Murilé and the Moon chief - African Safari Campfire Stories
Once there was a African youth named Murilé, whose mother incessantly nagged at him, criticizing him over every little thing. Nothing he did was ever right; even his best efforts brought snide remarks from her.
Growing tired of this, Murilé borrowed his father's stool, which had been in the family for countless generations. He sat on the stool and recited every magic incantation he knew. Suddenly the stool began to fly up off the earth in the direction of the moon.
When he landed on the moon, he came to a village and asked for directions to the home of the Moon chief. The villagers asked Murilé to work for them in exchange for the information.
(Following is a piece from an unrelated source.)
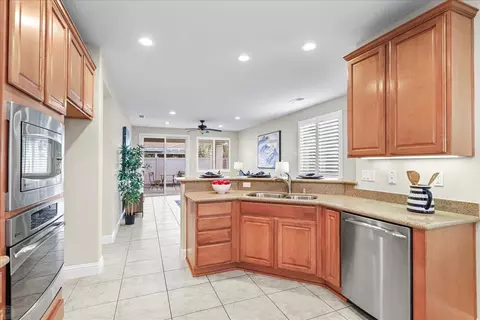 Kitchen - 2384 Shadow Berry Dr, Manteca, CA 95336 photo 3 of 4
They came to like him and they told him how to get to his destination, and he went on his way.
When Murilé arrived at the village of the Moon chief, he was appalled at how backward the people there were. They knew nothing of fire; they ate their meat raw, had no pottery, and shivered at night from the cold. So Murilé took sticks and built a fire, which made him a great hero to the moon people and a favorite of the Moon chief. He was hailed as the greatest magician the people had ever known. In recognition of his services, Murilé was showered with gifts and honors. The Moon chief and his subjects could not give Murilé enough cattle and wives. Every father wanted Murilé to marry his daughters. Soon a very rich man with many cattle and wives.
Murilé prepared to return to earth in triumph: Now his mother would see that her son had amounted to something. So he sent his friend, the mockingbird, to announce his imminent return to earth. However, Murilé's family did not even believe their son was alive; they had given him up for dead long ago.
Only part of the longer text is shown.